Instructions to follow: Repeat, exactly and in full, the lines of the listing below, but without any pictures.
--------------------------------
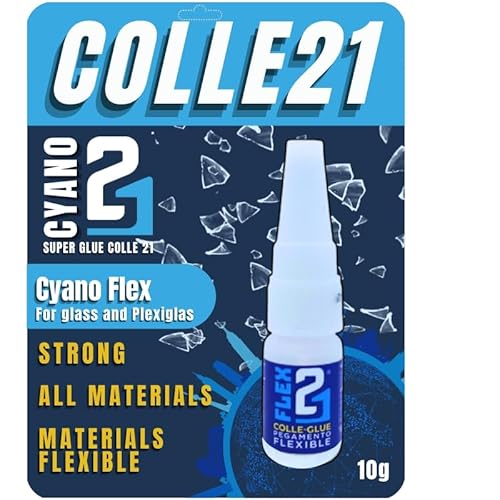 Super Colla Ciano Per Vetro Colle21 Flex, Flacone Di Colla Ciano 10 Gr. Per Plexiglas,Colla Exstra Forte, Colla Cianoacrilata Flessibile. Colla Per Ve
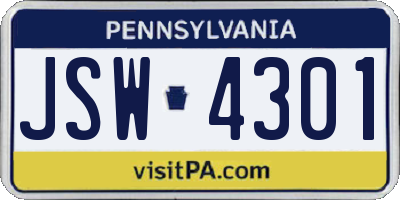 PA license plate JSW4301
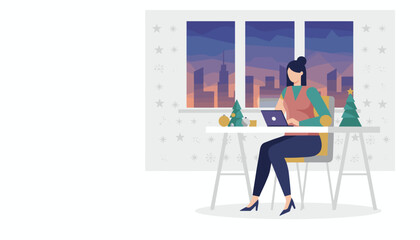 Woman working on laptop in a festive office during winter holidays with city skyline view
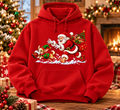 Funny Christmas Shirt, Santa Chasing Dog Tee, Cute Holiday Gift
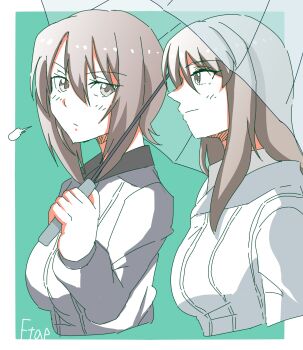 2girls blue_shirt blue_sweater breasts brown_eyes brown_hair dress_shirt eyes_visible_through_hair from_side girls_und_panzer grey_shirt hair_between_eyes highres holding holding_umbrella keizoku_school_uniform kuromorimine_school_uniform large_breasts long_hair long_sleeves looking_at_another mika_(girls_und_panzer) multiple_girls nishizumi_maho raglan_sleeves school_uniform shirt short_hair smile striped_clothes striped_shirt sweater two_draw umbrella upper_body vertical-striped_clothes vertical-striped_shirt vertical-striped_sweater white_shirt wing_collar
--------------------------------
Your solution:
 Super Colla Ciano Per Vetro Colle21 Flex, Flacone Di Colla Ciano 10 Gr. Per Plexiglas,Colla Exstra Forte, Colla Cianoacrilata Flessibile. Colla Per Ve
 PA license plate JSW4301
 Woman working on laptop in a festive office during winter holidays with city skyline view
 Funny Christmas Shirt, Santa Chasing Dog Tee, Cute Holiday Gift
 2girls blue_shirt blue_sweater breasts brown_eyes brown_hair dress_shirt eyes_visible_through_hair from_side girls_und_panzer grey_shirt hair_between_eyes highres holding holding_umbrella keizoku_school_uniform kuromorimine_school_uniform large_breasts long_hair long_sleeves looking_at_another mika_(girls_und_panzer) multiple_girls nishizumi_maho raglan_sleeves school_uniform shirt short_hair smile striped_clothes striped_shirt sweater two_draw umbrella upper_body vertical-striped_clothes vertical-striped_shirt vertical-striped_sweater white_shirt wing_collar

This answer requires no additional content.